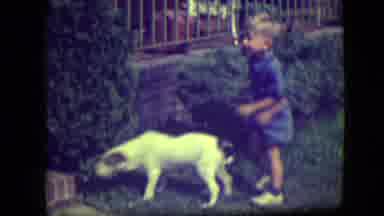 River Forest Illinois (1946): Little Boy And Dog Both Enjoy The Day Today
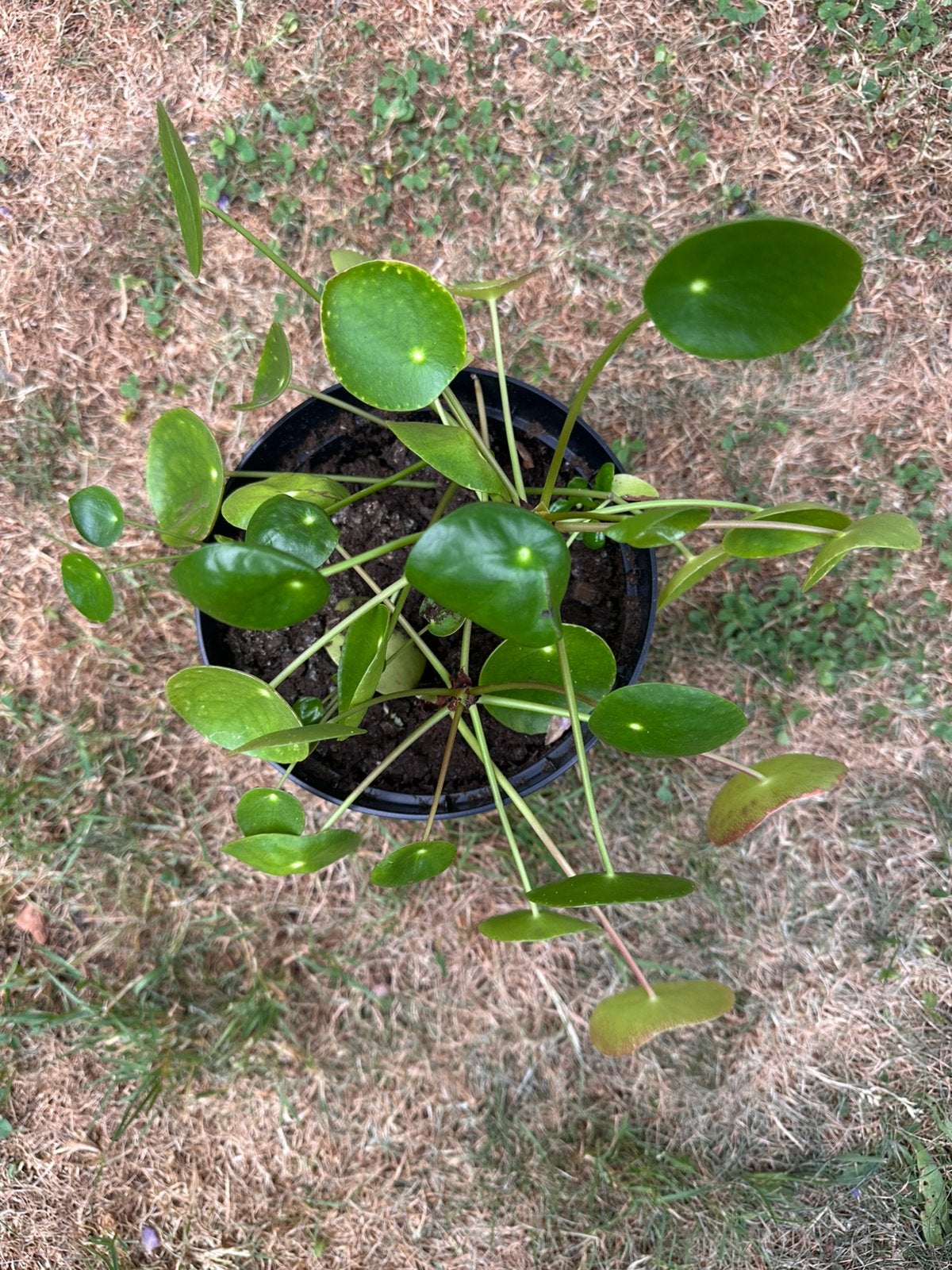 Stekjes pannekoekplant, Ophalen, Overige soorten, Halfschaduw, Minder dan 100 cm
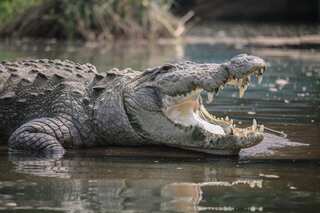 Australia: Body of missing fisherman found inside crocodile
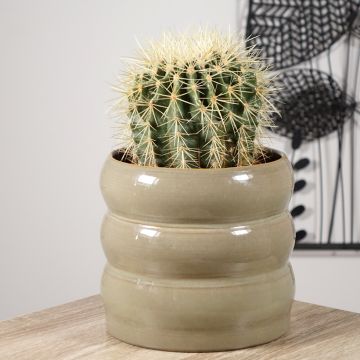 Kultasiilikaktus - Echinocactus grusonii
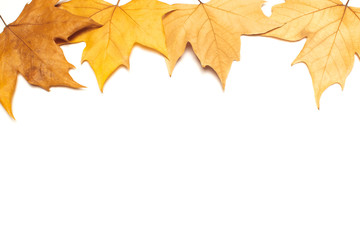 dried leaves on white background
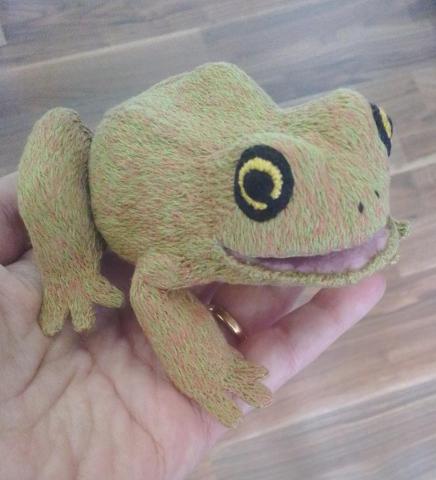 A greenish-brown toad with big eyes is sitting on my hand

....

◆ Problem ◆
Omit every picture while transcribing the records above exactly.

◆ Response ◆
 River Forest Illinois (1946): Little Boy And Dog Both Enjoy The Day Today
 Stekjes pannekoekplant, Ophalen, Overige soorten, Halfschaduw, Minder dan 100 cm
 Australia: Body of missing fisherman found inside crocodile
 Kultasiilikaktus - Echinocactus grusonii
 dried leaves on white background
 A greenish-brown toad with big eyes is sitting on my hand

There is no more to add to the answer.